These notes focus on methods to create, evaluate and use protein multiple alignments. They are based on updates of tutorials I presented in the ISMB-97 conference at Greece in June 1997 and in the EMBO practical course on Functional genomics in plants at Israel in February 1999. Several publicly available methods and databases are detailed (all are free and most can be used on the WWW).

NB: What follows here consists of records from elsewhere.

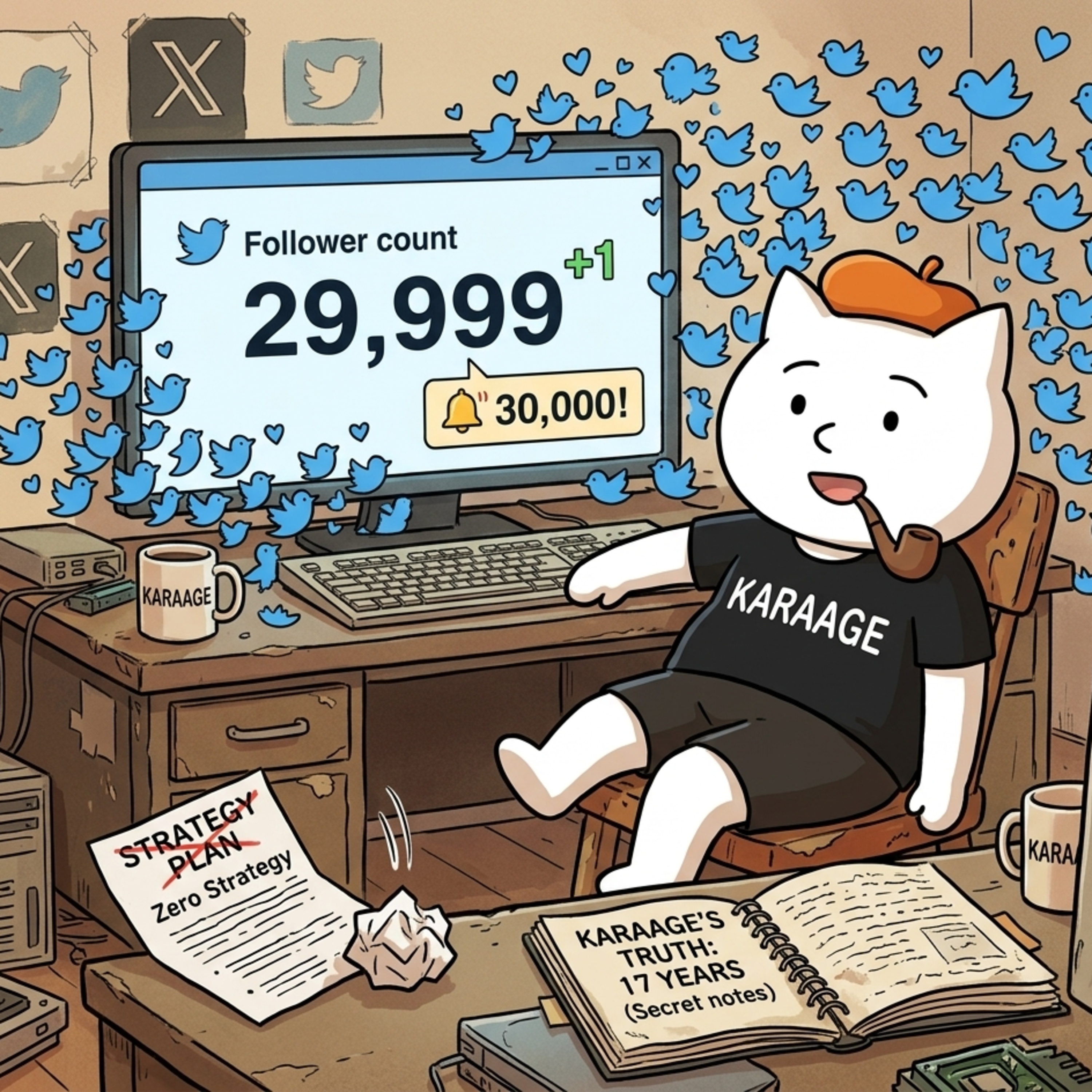 #101 Twitter（現X）フォロワー3万人到達の裏側とサブスク検討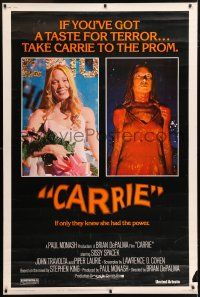 6c384 CARRIE 40x60 '76 Stephen King, Sissy Spacek before and after her bloodbath at the prom!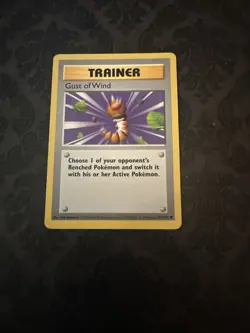 Pokemon TCG Gust of Wind Base Set 93/102 Regular Shadowless Common D2 - Image 1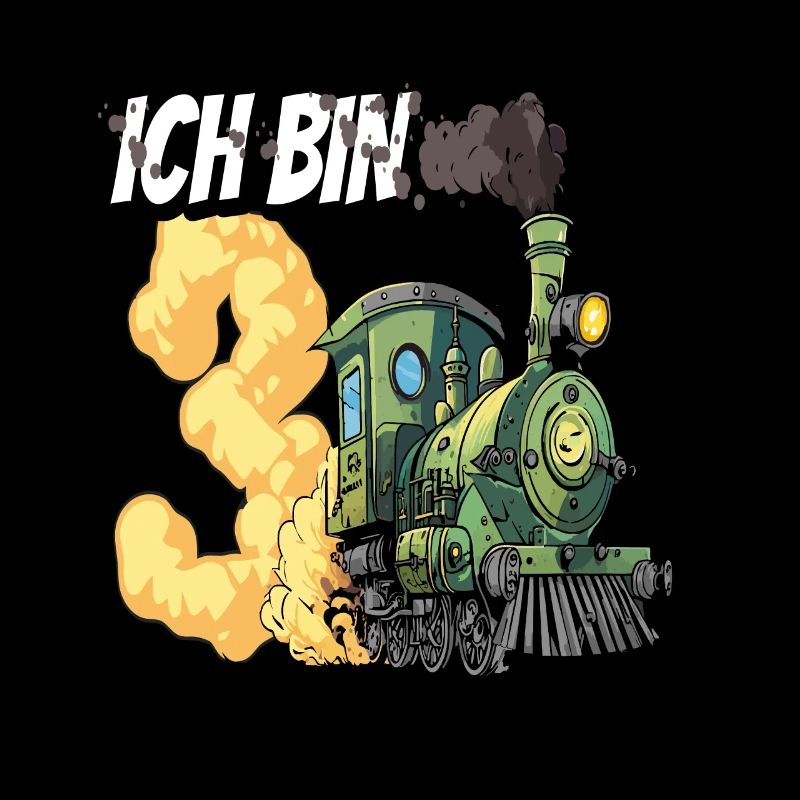 Ich bin 3 - 3. Geburtstag Zug Dampflok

Multiply aligning protein sequences is a relatively advanced step in their analysis. The alignment can reveal information not found by methods analyzing single sequences. Nevertheless, one should initially use 'single sequence' analysis methods. It is better to go from the simple to the complex. For example, before trying to identify new family members by querying a database with a multiple alignment of the family one should try straight-forward database searches with the single sequences. The results from the single sequence searches can provide more sequences to the alignment together with confirming the multiple alignment and the results of searches made with it.
Do not confuse the terms homology and similarity. Sequences
either have or not have a common ancestor. Thus, sequences can either be
homologous or not, but they cannot be 70% homologous". However, sequences
can be similar by different degree and therefore be "70% similar". In
addition, a statement like that is not informative unless we know what
is the significance of this similarity, is it across the whole
sequence/region or just in conserved regions, and by what method (program)
was it found. Proteins that have significant sequence similarity are most
Reeck GR, et al.: "Homology" in proteins and nucleic acids: a terminology muddle and a way out of it" Cell, 50:667 (1987).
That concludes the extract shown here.